**Exercise prompt:**
Starting with the line that has "Крыло переднее правое" in the records below and stopping after the line that has "Set ndërtimi LEGO", output every line exactly and nothing else; skip pictures.

**Data to process:**
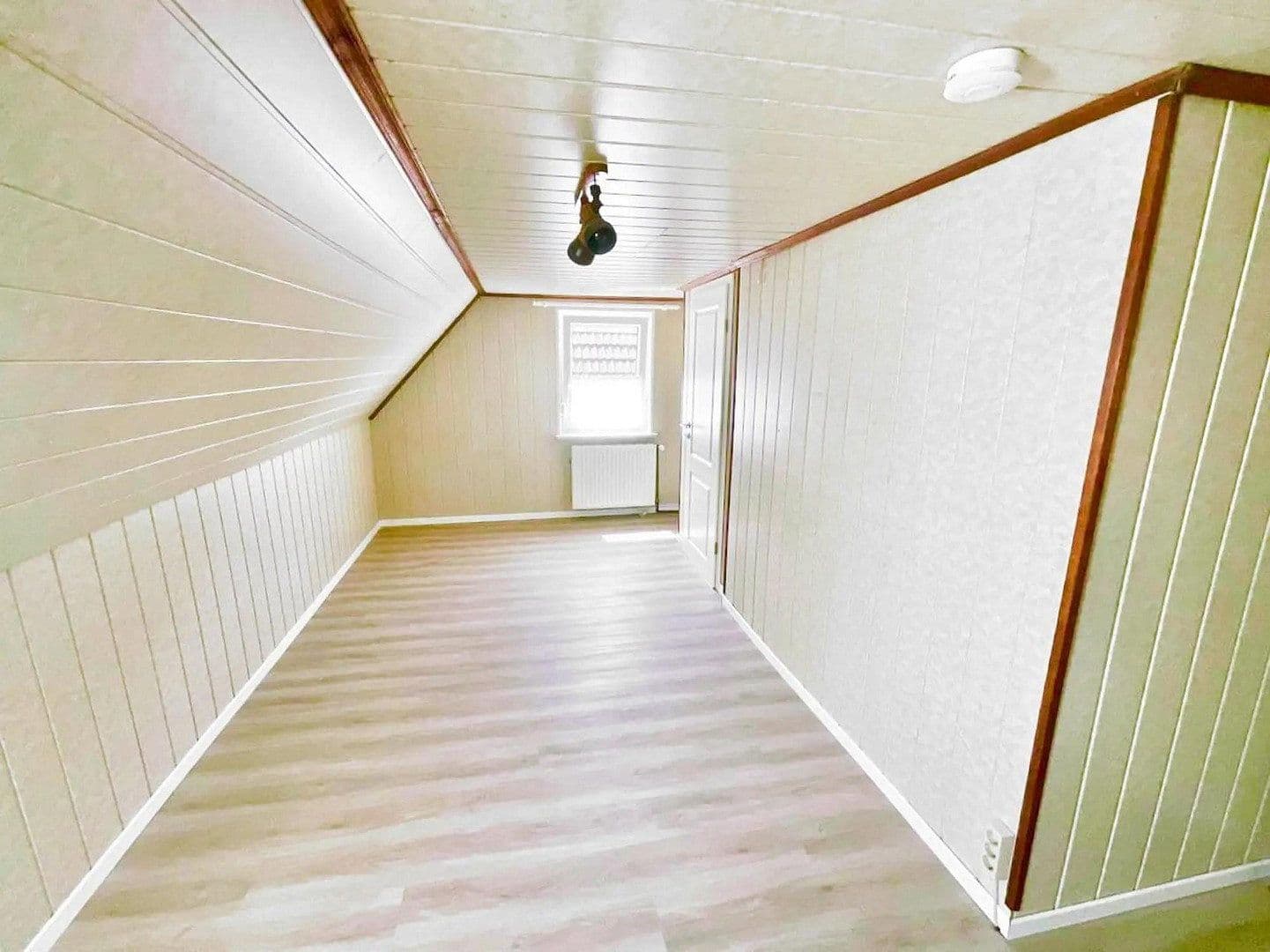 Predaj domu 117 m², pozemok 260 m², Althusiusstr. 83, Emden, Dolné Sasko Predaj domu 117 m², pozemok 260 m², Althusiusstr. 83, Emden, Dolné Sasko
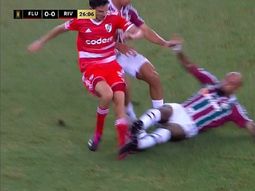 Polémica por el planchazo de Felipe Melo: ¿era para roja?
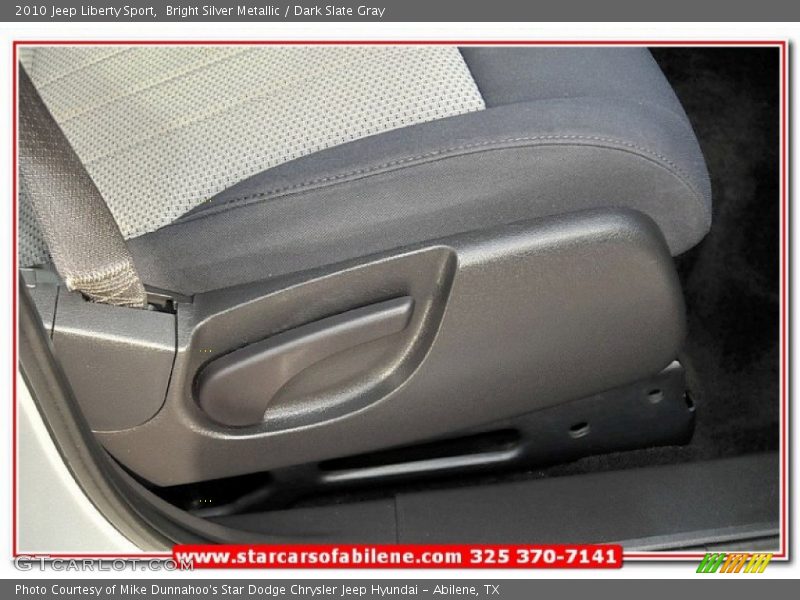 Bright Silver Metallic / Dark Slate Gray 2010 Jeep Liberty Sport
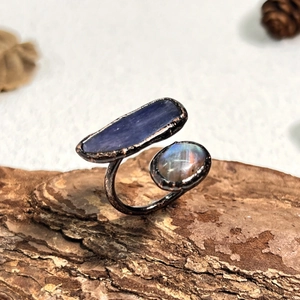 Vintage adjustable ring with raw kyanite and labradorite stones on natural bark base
==
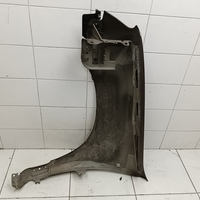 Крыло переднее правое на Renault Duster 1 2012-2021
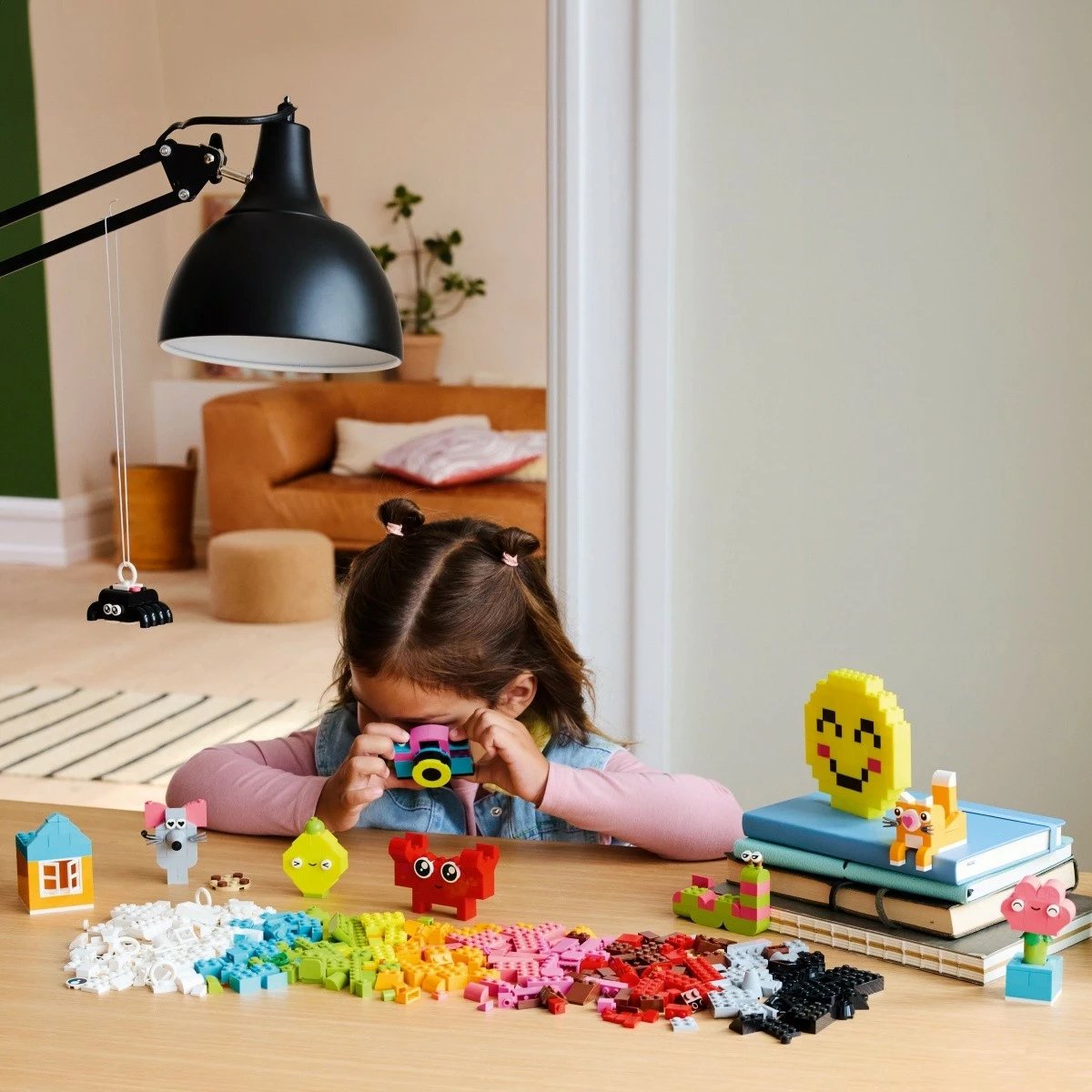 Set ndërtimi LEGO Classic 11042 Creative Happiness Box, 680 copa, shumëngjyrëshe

**Result for this exercise:**
 Крыло переднее правое на Renault Duster 1 2012-2021
 Set ndërtimi LEGO Classic 11042 Creative Happiness Box, 680 copa, shumëngjyrëshe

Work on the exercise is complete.